Ok, first of all, the pop cultural moment in question: http://www.mtv.com/videos/misc/684905/you-and-i-live.jhtml#id=1668980
 
So it appears Jo Calderone is the alter ego of Lady Gaga, who is the alter ego of Stefani Germanotta. 

My initial gut response: You go, girl.  Lady Gaga has become known for flashy concerts, flashy clothes, and flashy stunts like arriving at an awards show in an egg.  But those people who say everything she does is "just for publicity" fail to realize that everything EVERYONE famous does is just for publicity, but that each thing they do still has a purpose.  In Lady Gaga's case, she creates new themes and trends for and with her alter ego over and over depending on what she's experimenting with at the time.  

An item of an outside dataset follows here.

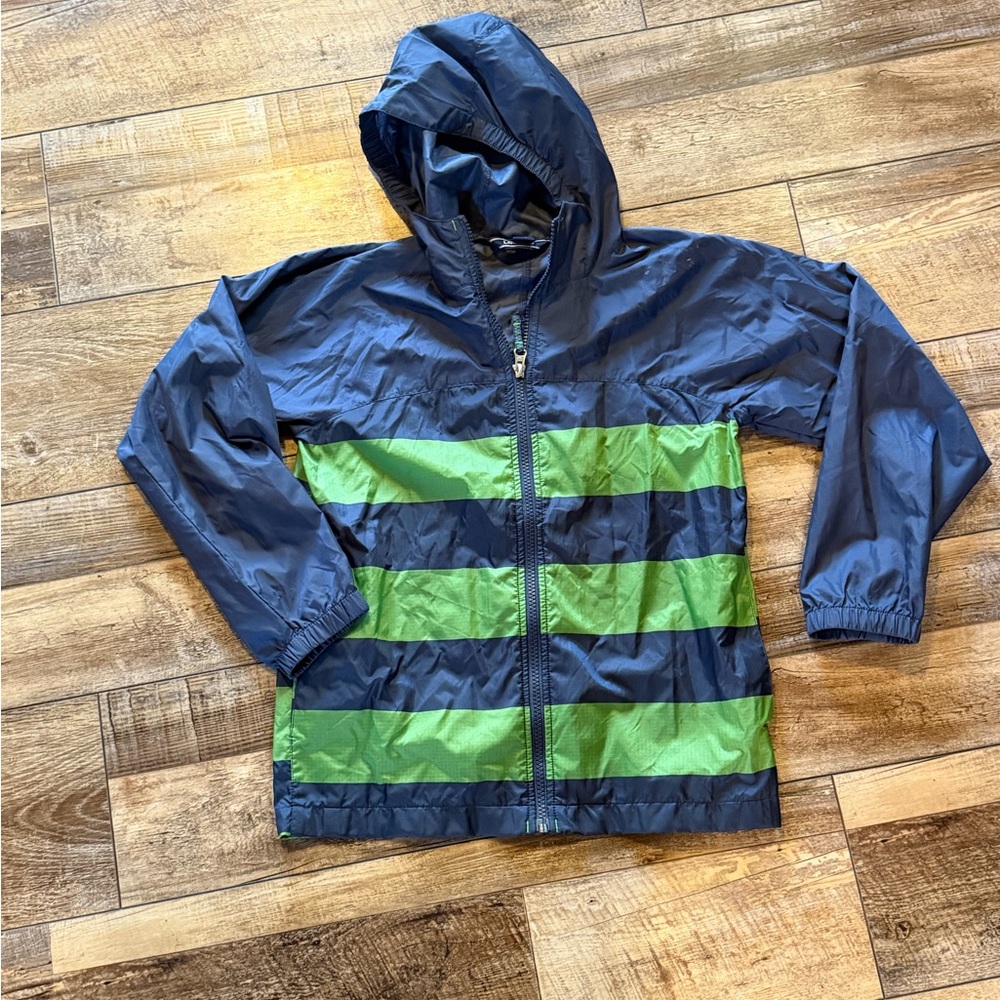 Lands' End Kids Raincoat - Blue and Green - Small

For awhile there it was "Dead, Injured and Trapped Women Killing Men", a trend which my feminist self very guiltily enjoyed.  In her Bad Romance video she was sort of semi-tortured in a bathrub, sold as a prostitute/object, and then lit a dude on fire in the bed with her sparkling bra (female-only body parts as weapons).  In her Paparazzi video she got pushed off a balcony and brokenly got up from a wheelchair with arm braces, and throughout the video intermittent images of dead women appeared.  Then she poisoned the dude who threw her off the balcony and reported herself, which landed her in jail.  And lastly, in her Telephone video (featuring a--let's face it--gutsy performance from Beyonce, who isn't usually as off-the-wall as Gaga), she starts off in the prison (not sold, not injured, but trapped), gets broken out by her girl B, and then poisons a whole diner full of innocent people (except for one dude who was not innocent, 'cause he wronged the Honey Bee).

This trend, I thought, represented the oppression of women's bodies by systems and societies full of patriarchy, misogyny, and sexism (three related but different things) through images of violence.  It also offered a symbolic solution to the problem: take down (poison or incinerate) patriarchy and misogyny as represented by The Dudes Who Get Killed in Gaga's videos.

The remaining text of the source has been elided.